謎に包まれた自爆ドローン
ロシア=ウクライナ戦争とナゴルノ=カラバフ戦争では、徘徊型の自爆ドローンが敵の火砲や防空兵器を破壊するなどの戦果をあげて、その利用価値を証明しました。
このように厄介な存在である自爆ドローンのなかで、正体不明で謎に包まれているのがアメリカからウクライナに供与されたはずの「フェニックス・ゴースト」です。
この自爆ドローンは、アメリカの「AEVEXエアロスペース社」という会社が開発したもので、米政府の説明では同じくウクライナに供与した「スイッチブレード」に似た兵器とのこと。
しかし、スイッチブレードと違って、詳細な性能どころか、姿形すら不明のまま。
現時点で判明しているのは、フェニックス・ゴーストが自ら垂直離陸で飛び立った後、カメラや赤外線センサーを使いながら最大6時間は飛行できること。

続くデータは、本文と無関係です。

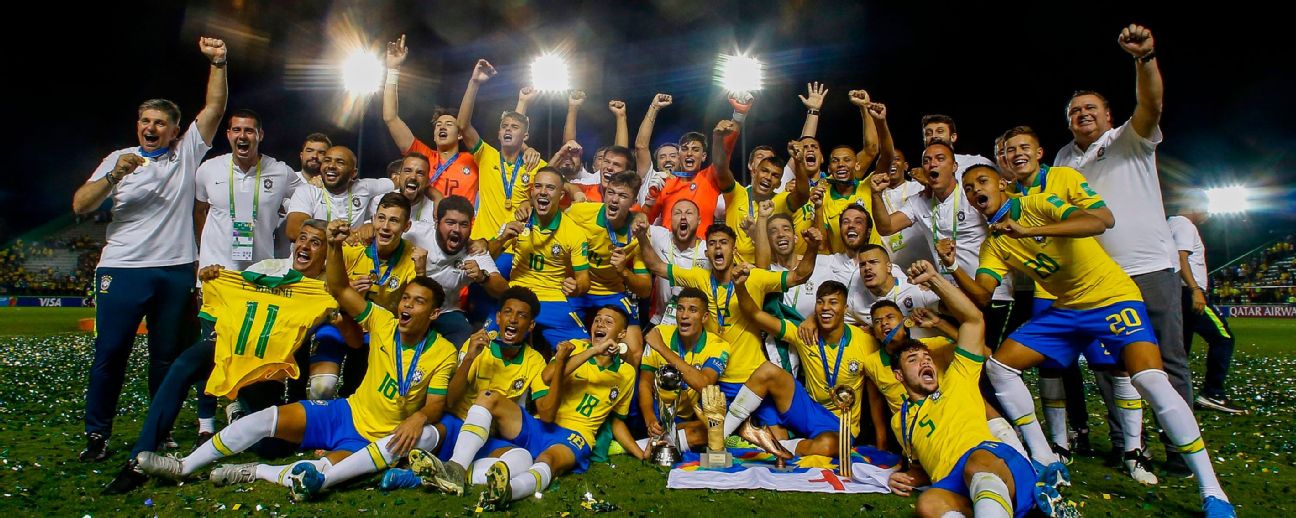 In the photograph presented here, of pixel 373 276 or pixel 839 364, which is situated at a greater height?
pixel 373 276

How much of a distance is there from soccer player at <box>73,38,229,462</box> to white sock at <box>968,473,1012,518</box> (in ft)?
17.3

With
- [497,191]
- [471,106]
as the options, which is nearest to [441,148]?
[471,106]

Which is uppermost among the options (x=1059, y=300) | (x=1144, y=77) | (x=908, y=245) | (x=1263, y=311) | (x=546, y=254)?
(x=1144, y=77)

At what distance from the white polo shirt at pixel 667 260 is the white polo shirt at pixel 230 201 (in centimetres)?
323

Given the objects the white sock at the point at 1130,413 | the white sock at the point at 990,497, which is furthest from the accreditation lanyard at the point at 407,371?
the white sock at the point at 1130,413

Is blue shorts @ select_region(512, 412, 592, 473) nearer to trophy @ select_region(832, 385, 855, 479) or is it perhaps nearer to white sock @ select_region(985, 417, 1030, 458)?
trophy @ select_region(832, 385, 855, 479)

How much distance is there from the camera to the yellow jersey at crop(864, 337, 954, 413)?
5199mm

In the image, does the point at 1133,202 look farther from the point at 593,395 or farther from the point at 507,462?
the point at 507,462

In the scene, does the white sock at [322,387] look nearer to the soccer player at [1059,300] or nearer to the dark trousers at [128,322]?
the dark trousers at [128,322]

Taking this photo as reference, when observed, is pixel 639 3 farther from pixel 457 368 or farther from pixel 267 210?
pixel 457 368

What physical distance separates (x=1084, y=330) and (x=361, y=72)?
74.9 feet

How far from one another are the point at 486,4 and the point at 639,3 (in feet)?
14.0

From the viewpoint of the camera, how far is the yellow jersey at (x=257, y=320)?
4762 mm

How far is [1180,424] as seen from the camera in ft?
13.2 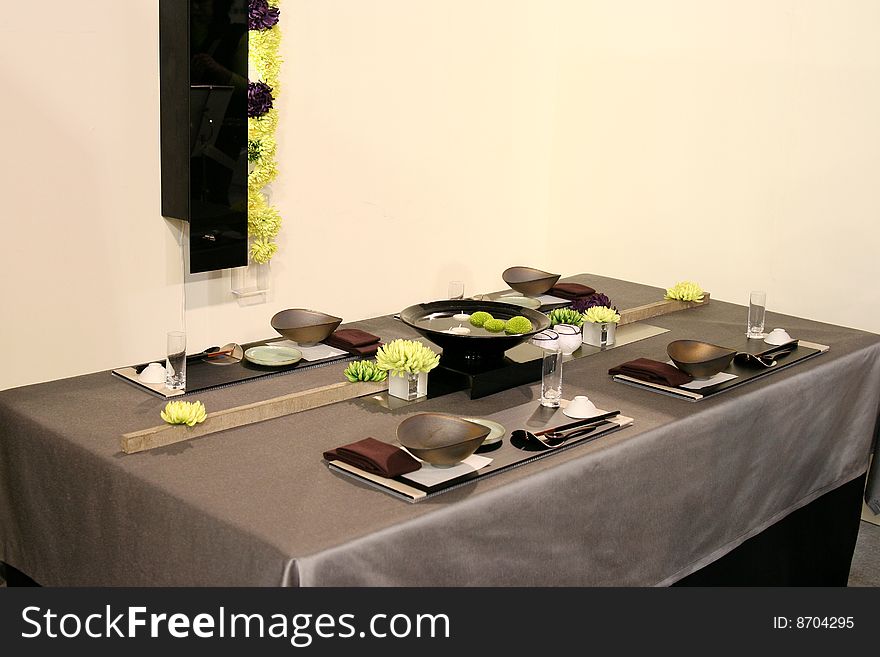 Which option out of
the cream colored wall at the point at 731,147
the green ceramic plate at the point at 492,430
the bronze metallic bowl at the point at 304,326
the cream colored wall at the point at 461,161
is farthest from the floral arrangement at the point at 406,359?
the cream colored wall at the point at 731,147

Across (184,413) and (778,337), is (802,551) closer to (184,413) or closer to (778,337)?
(778,337)

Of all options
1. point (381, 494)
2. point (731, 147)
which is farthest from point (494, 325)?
point (731, 147)

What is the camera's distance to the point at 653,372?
2.41 meters

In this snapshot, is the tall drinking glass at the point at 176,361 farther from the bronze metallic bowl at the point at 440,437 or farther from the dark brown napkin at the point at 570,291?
the dark brown napkin at the point at 570,291

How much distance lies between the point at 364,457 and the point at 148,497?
1.27ft

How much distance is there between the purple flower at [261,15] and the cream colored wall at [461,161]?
0.22 metres

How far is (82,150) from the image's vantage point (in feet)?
10.6

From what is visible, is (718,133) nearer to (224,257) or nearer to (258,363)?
(224,257)

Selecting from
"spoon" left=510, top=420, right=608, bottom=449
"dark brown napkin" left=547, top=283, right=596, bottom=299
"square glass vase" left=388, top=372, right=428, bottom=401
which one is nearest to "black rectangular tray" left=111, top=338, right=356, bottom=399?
"square glass vase" left=388, top=372, right=428, bottom=401

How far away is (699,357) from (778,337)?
0.43 m

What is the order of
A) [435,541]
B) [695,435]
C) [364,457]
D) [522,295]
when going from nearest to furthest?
[435,541], [364,457], [695,435], [522,295]

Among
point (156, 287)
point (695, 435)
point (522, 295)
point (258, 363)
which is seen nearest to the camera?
point (695, 435)

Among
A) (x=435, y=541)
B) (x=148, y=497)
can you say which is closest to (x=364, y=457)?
(x=435, y=541) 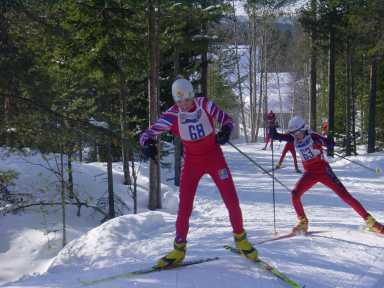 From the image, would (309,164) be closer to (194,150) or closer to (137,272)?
(194,150)

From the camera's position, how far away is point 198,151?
559 cm

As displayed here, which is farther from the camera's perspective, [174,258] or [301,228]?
[301,228]

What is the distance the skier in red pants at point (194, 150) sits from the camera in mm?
5500

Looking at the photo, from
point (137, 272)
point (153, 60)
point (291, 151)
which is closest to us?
point (137, 272)

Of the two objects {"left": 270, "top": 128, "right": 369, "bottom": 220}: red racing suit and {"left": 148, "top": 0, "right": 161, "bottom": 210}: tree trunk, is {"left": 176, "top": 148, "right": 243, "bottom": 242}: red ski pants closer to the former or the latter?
{"left": 270, "top": 128, "right": 369, "bottom": 220}: red racing suit

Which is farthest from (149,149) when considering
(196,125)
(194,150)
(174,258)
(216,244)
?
(216,244)

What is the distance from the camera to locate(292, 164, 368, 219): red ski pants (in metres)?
7.33

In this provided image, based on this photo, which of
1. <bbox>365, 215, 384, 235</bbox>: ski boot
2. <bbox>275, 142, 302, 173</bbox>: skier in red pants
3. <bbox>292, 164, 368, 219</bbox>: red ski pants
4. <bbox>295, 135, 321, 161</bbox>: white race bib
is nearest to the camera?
<bbox>365, 215, 384, 235</bbox>: ski boot

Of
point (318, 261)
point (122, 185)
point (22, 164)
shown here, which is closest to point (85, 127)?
point (318, 261)

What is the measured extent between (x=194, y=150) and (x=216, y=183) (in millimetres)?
485

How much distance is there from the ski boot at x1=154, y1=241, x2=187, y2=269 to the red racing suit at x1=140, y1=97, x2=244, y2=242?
9 centimetres

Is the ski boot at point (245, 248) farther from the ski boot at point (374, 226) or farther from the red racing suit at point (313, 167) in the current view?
the ski boot at point (374, 226)

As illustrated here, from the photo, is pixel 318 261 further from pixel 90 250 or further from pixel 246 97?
pixel 246 97

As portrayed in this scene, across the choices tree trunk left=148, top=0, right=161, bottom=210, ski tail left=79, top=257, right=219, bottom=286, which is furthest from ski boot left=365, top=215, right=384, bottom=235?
tree trunk left=148, top=0, right=161, bottom=210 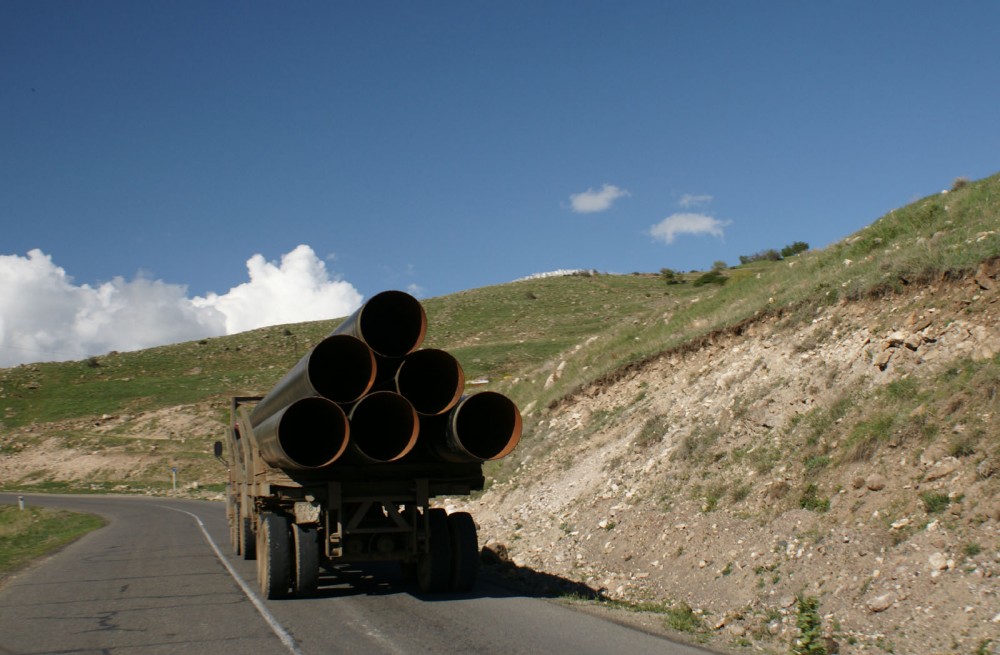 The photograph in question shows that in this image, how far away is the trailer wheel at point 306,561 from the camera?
1041cm

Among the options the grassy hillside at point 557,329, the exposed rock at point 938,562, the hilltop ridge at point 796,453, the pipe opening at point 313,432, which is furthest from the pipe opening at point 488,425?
the grassy hillside at point 557,329

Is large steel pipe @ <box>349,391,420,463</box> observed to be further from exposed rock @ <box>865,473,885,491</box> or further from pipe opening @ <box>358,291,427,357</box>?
exposed rock @ <box>865,473,885,491</box>

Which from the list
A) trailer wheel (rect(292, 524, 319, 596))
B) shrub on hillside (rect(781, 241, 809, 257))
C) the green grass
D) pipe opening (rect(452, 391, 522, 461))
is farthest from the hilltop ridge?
shrub on hillside (rect(781, 241, 809, 257))

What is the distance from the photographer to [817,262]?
1922 cm

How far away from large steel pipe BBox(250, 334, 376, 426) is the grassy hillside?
9266mm

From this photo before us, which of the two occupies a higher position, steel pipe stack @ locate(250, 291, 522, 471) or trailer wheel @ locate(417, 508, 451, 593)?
steel pipe stack @ locate(250, 291, 522, 471)

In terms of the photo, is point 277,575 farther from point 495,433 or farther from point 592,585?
point 592,585

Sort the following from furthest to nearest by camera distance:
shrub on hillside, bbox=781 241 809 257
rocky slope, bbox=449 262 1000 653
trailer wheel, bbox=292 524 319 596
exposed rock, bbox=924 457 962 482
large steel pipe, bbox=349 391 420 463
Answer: shrub on hillside, bbox=781 241 809 257, trailer wheel, bbox=292 524 319 596, large steel pipe, bbox=349 391 420 463, exposed rock, bbox=924 457 962 482, rocky slope, bbox=449 262 1000 653

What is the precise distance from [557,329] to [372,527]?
58.0 metres

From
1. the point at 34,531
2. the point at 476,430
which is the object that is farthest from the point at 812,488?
the point at 34,531

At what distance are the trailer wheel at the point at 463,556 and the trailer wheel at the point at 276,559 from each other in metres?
2.09

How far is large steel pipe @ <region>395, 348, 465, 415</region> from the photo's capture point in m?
10.3

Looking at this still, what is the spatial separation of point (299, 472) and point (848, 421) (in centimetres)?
748

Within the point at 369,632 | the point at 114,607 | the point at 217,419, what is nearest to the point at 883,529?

これはスイッチ・ブレードよりもはるかに長い滞空時間であり、それにともなって機体規模も大きいと思われます。また、大掛かりな発進システムは不要との見方が強く、戦場での持ち運びと機動展開に有利です。
したがって、最前線から後方にかけて展開する敵の装甲車や火砲を狙うには十分な飛行性能を持ち、完全撃破には至らなくても、一時離脱させるほどの損傷を与えられるはず。
供与されるも、未だに戦果不明
このように長時間徘徊して火砲も撃破できるフェニックス・ゴーストは、熾烈な砲兵戦がを戦うウクライナ軍のニーズに合致しています。
ところが、すでに1,100機以上が供与されたにもかかわらず、戦果も姿も確認できていません。もし実戦投入されたならば、機体の残骸ぐらいは見つかりそうなものの、このSNS全盛期にそれすら確認できないのは不思議でしかありません。
これはすでに戦果が確認されているスイッチブレードと比べても、やはり異常と言わざるを得ず、こうなると存在自体を疑いたくなります。偶然にも、名前に「幽霊(ゴースト)」と付いており、宣伝目的で存在を誇張した可能性もゼロではありませんが。
開発元は2017年に作られた新しい会社で、軍事ドローンの開発実績もフェニックスゴーストが初めてらしいので、もしかすると現地で何らかの不具合に直面しているのかもしれません。
まだ戦場に投入していないだけという可能性もありますが、新兵器を試す絶好の機会を逃すと思えず、謎が深まるばかりです。